Apologies for the dearth of blogs, but there have been many changes around here that have made it harder and harder to find the time. The most fundamental change has been my acceptance to pursue a PhD at Manchester Metropolitan University. This in turn has brought about other tangential changes which have been hard to adjust to.
As many of you know I have been a stay-at-home Dad for 2 years. A position that has brought much joy, and frustration, but has sadly come to an end; replaced by full time study. My eldest, of two, is 3yrs old and has recently embarked on her latest adventure: pre-school. This has been both a joyous and heart wrenching occasion for me and my wife, and subsequently has put me in a reflective mood on the notion of fatherhood.
When the decision was first made that I would stay at home with the children I remember a good friend asking me, in earnest, “But how does that affect your . . . manliness”.
It was a strange question, but one that came from our paralleled youth and the questions of identity and gender roles that such an age produces. The use of the term ‘manliness’ betrays my friend’s Classics background, it is the translation for the ancient Greek word andreia, and also got me thinking about ancient Greek attitudes to fatherhood.
There is a persistent belief that the involvement of fathers in the raising of their children, or even simply enjoying time with their children, is somehow a modern behaviour. At first glance the ancient sources seem to agree, with father’s often depicted as stern, strong, powerful, or vulnerable, but rarely loving, and almost never playful with their children.

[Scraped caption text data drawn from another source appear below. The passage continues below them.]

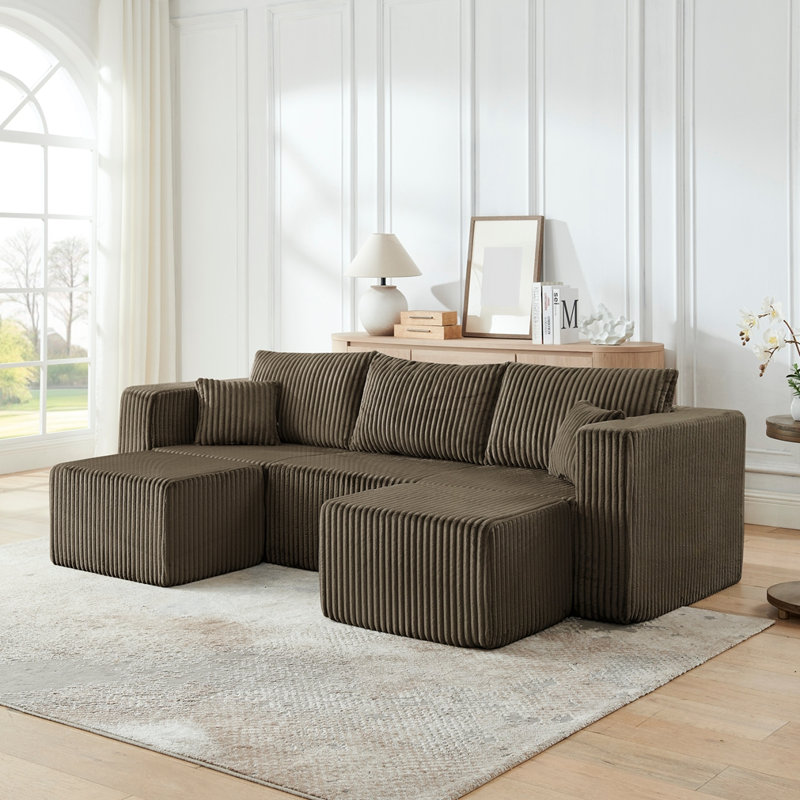 Canapé modulaire en velours côtelé compressé, Brun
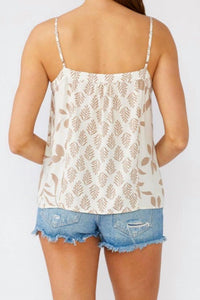 Lovestitch - Women's Neutral Leaf Print Button Front Tank Top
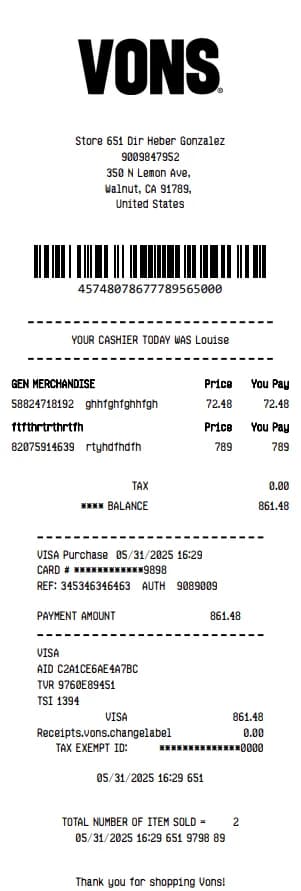 Vons Receipt Logo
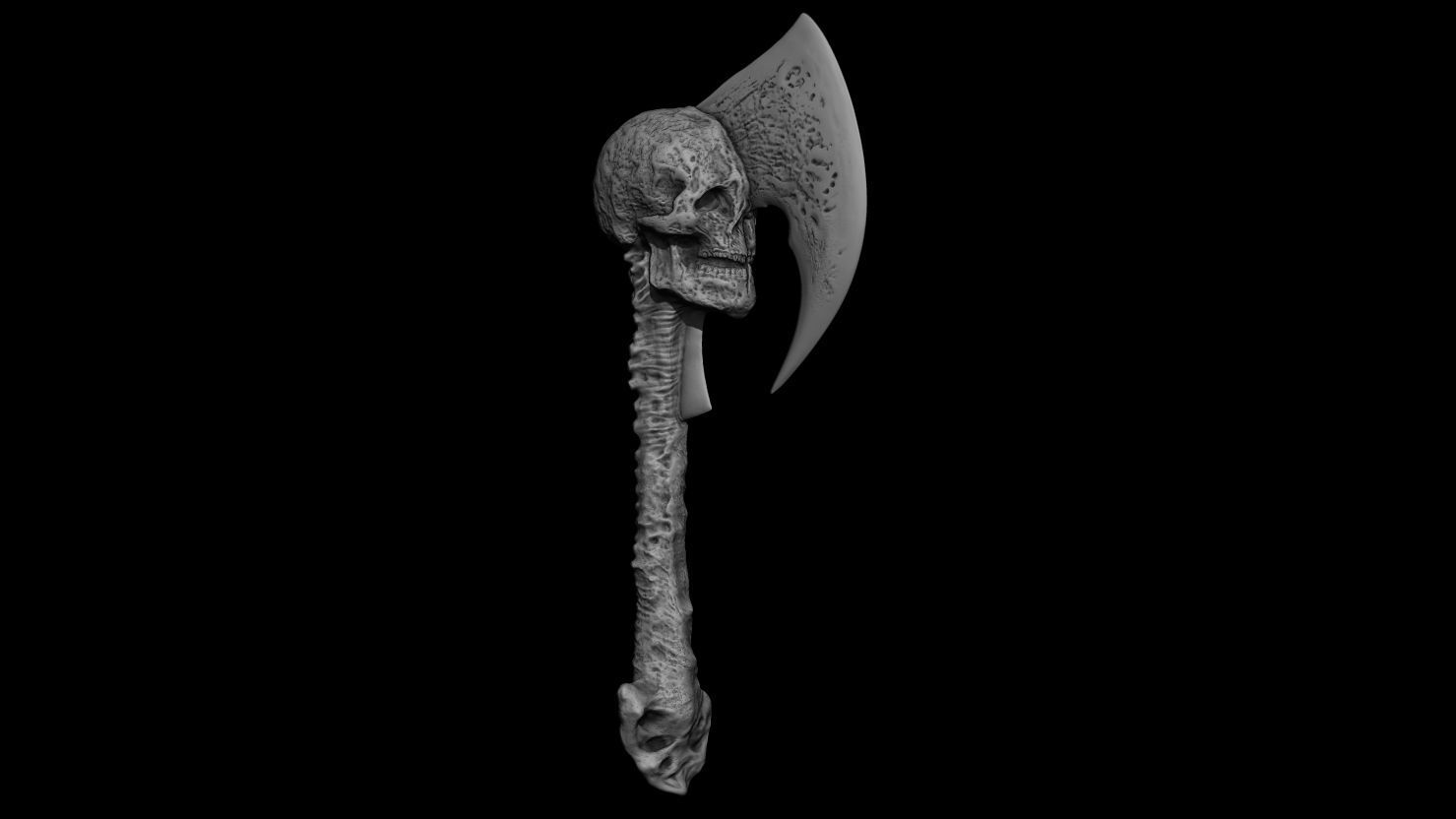 3D PRINTABLE SHAMAN PREDATOR BIOMASK AND SKULL AXE PREDATOR 2 3D print model_25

Aristotle simply condemns a father’s love as inferior to that of a mother’s:
“Now to receive a benefit seems to involve no labour, but to confer one is an effort. This is why mothers love their children more than fathers, because parenthood costs the mother more trouble [and the mother is more certain that the child is her own].” (Nicomachean Ethics, 1168a)

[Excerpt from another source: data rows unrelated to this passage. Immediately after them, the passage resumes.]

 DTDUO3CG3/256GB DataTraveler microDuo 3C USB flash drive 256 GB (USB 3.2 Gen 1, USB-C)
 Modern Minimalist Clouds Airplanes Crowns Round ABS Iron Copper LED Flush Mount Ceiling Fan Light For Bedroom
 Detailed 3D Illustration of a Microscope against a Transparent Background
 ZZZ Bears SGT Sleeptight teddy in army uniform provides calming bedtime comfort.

While in another work, the philosopher claims that fathers only like their children for one reason:
“Since, then, all men are selfish, it follows that all find pleasure in what is their own, such as their works and words. That is why men as a rule are fond of those who flatter and love them, of honour, and of children; for the last are their own work.” (Rhetoric, 1.11.26)

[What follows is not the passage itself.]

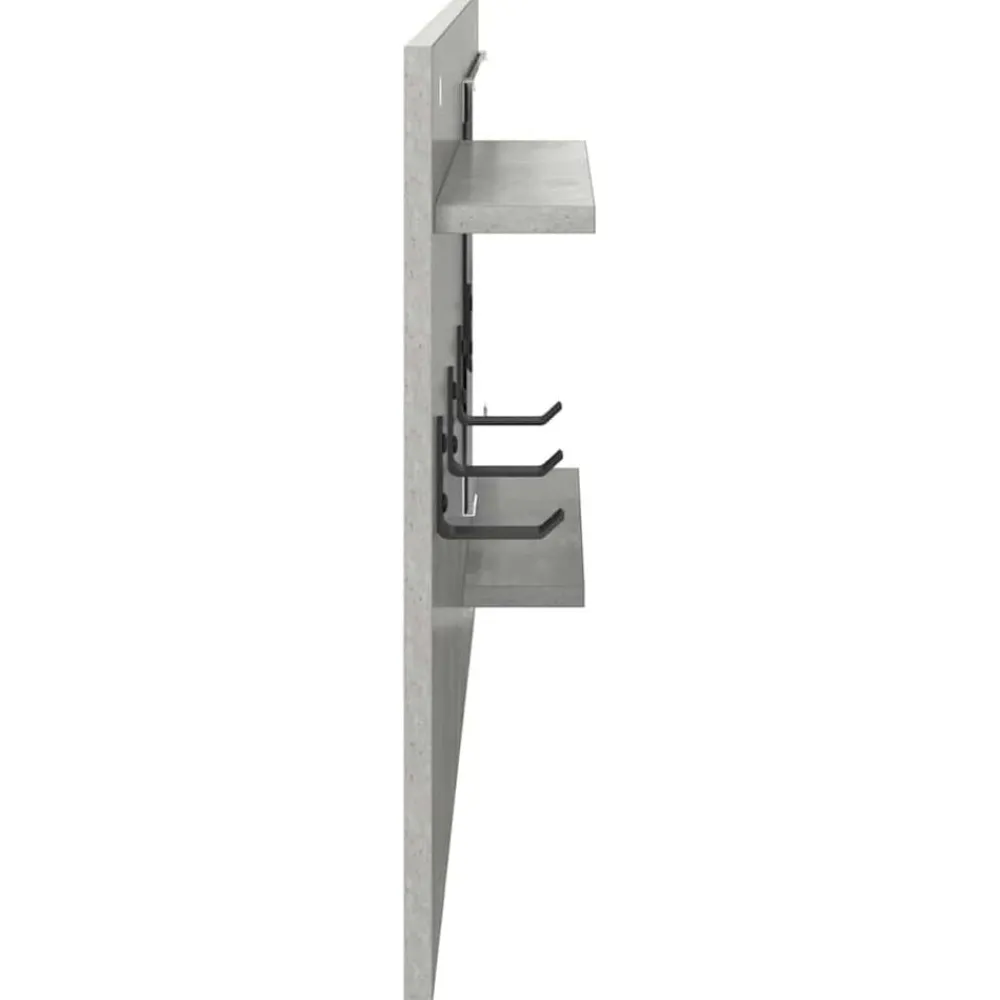 vidaXL Estanterías-Perchero de pared con estante Gris Concreto 90 x 10 x 50 cm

Yet, it is not all doom and gloom for Dads. In Euripides’ play, Herakles, the eponymous hero declares his love for his children, a love that is shared by all men for their offspring:
“[F]or I too do not reject the care of my children; here all mankind are equal; all love their children, both those of high estate and those who are nothing; it is wealth that makes distinctions among them; some have, others want; but all the human race loves its offspring.” (Herakles, 633-636)
Rather unfortunately, and *spoiler alert* for any who have not seen nor read the play, this speech is steeped in irony. Herakles’ love for his children will not save him from the madness that later consumes him; a madness which drives him to slaughter those same children. So, while this episode does show an almost idealistic love of a father with his children, it is not perhaps the best example – filicide is not a desirable trait in a Dad.
There is one example of an ancient Greek Dad enjoying his time with his children and, returning to my friend’s question earlier, there is no manlier man in classical Greece than the Spartan warrior-king, Agesilaos II:
“It is a fact also that Agesilaos was excessively fond of his children, and a story is told of his joining in their childish play. Once, when they were very small, he bestrode a stick, and was playing horse with them in the house, and when he was spied doing this by one of his friends, he entreated him not to tell anyone, until he himself should be a father of children.” (Plutarch, Life of Agesilaos, 25.5)
Here is a touching moment that can transcend culture and time; a moment that many Dads can relate to, where they are making a complete fool of themselves to entertain and play with their children. It is also interesting to see that the king’s response to his friend seems akin to a modern phrase often heard, to the ire of many I’m sure: “you’ll understand when you have kids of your own”.
Needless to say I did not have a good answer to my friend’s question then, and I don’t really have one now. The impact that a child has on you is immense; but its impact on manliness, which must surely be an external assessment made about you not an internal reflection, must remain subjective. For me, I’ll stick with Agesilaos, for the laughter of my children is worth more to me than the nodding approval of my peers.